# [What to work on]
Pictures excluded, output the lines of the data below between the one holding "Фрагмент матча" and the one holding "Cover image for book Larapin Good", inclusive, exactly as they stand.

# [Provided data]
──────────
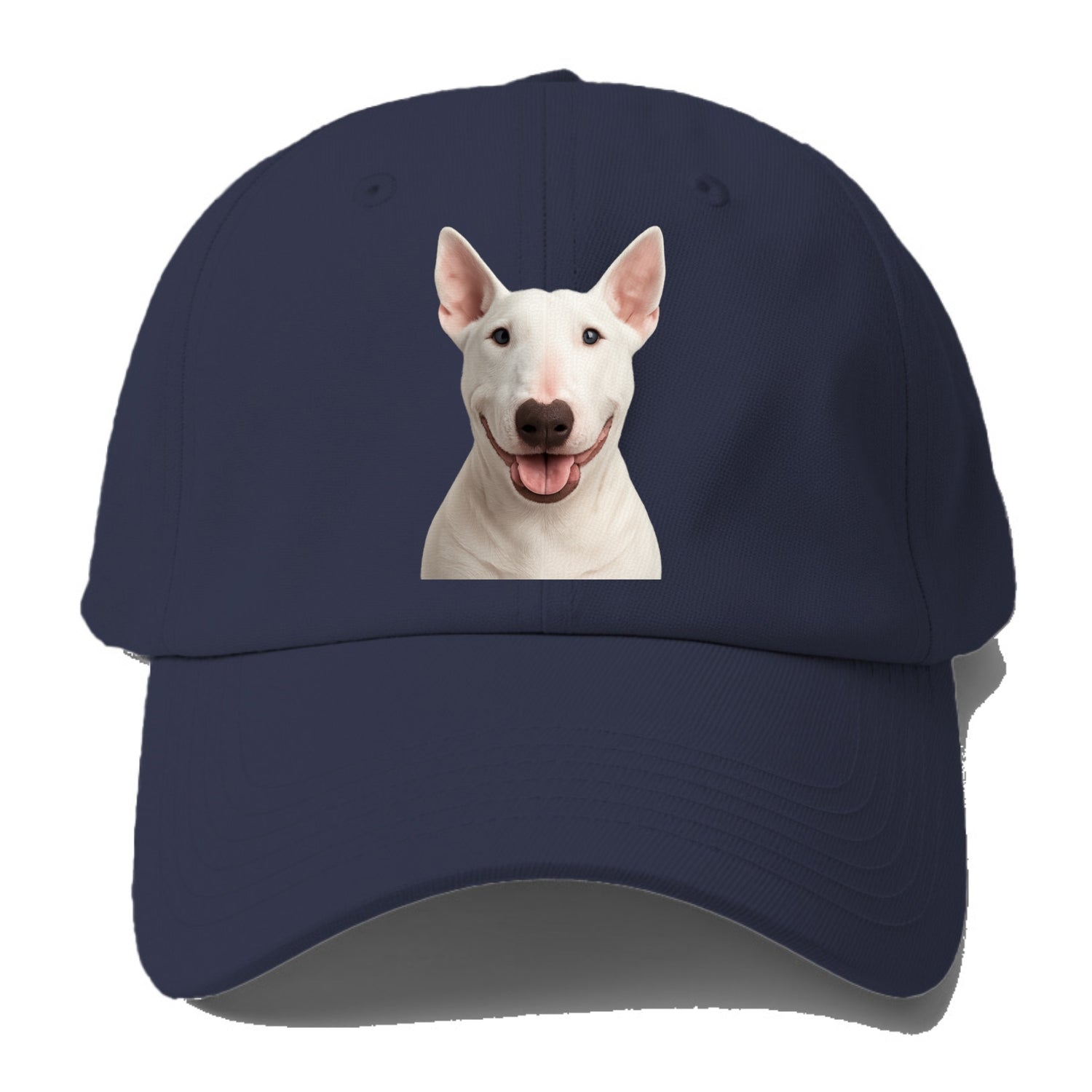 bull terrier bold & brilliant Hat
──────────
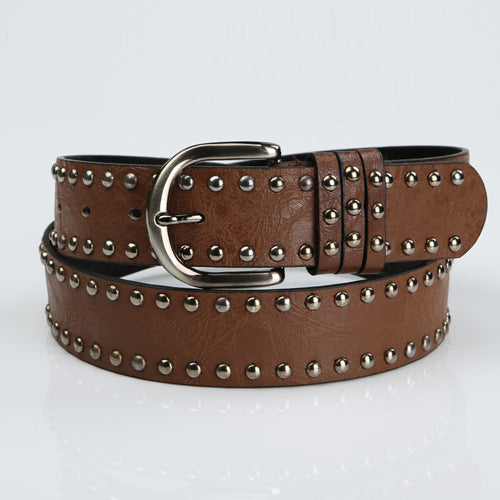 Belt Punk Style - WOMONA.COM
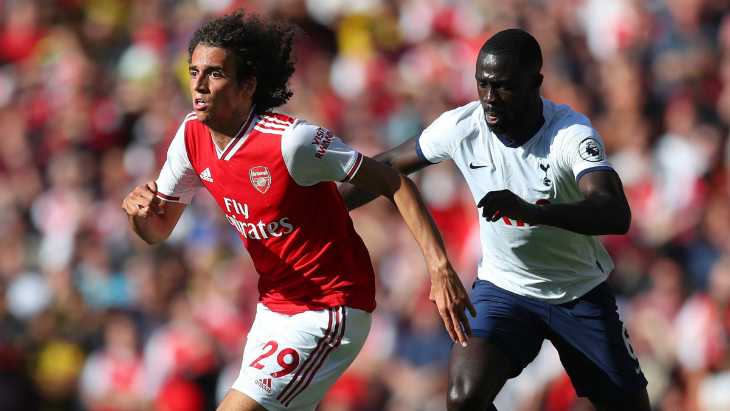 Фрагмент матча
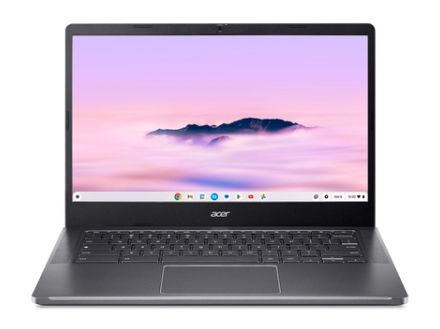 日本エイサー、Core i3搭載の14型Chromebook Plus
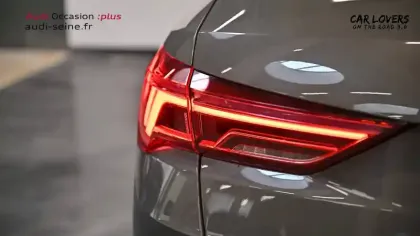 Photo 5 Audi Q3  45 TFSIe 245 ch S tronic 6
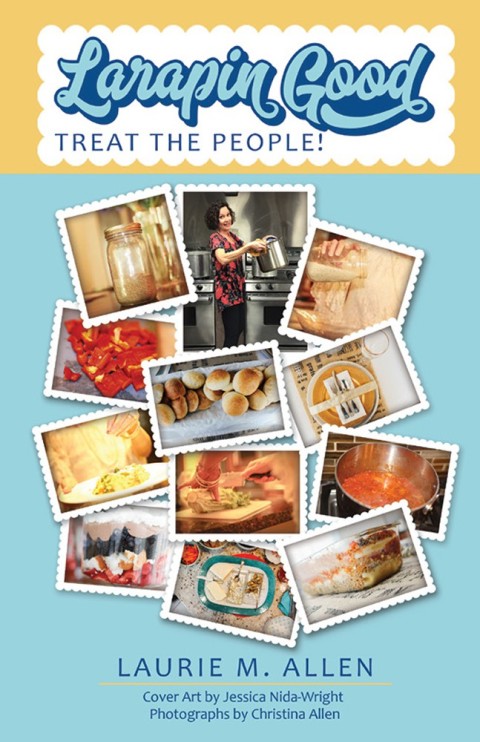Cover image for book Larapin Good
──────────
# [Solution to the problem]
 Фрагмент матча
 日本エイサー、Core i3搭載の14型Chromebook Plus
 Photo 5 Audi Q3  45 TFSIe 245 ch S tronic 6
Cover image for book Larapin Good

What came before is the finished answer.